Pour tenter de faire couleur locale, nous avons tous les trois sortis nos “gros” skis mais on se rend très vite compte qu’avec 84 en patin, ici, on fait rire car la moyenne se situe plutôt à 90. Pour ma part, la transition entre mes allumettes d’hier et mes nouveaux skis d’aujourd’hui (c’est le baptême des Baltoro) fait mal aux cuisses. Si on ajoute en plus l’altitude, la vitesse ascensionnelle prend un sacré coup. Heureusement, on n’est pas pressé, il faut de toute façon que la face décaille.
Après le passage de la rimaye, le reste de la montée se fait à pied dans une bonne trace pas trop raide.
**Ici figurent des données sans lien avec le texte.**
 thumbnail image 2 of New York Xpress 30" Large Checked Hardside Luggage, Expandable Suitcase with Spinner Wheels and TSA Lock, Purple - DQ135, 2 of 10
A ce moment, j’ai une pensée admirative et un peu inquiète pour Nat’n’Co et leur tractage au Grand Paradis; vu comme je suis déjà bien essouflée à porter mes skis, j’aurais été bien incapable de tracter.(on saura plus tard, sur la route du retour, que tout s’est bien passé pour eux et qu’ils ont remarquablement franchi la barrière des 4000m).
Après une pause bien méritée et un grand tour d’horizon, nous quittons le sommet vers 14h30 avec au programme, une belle descente de 2700m qui s’offre à nous puisque ça skie jusqu’à Argentière.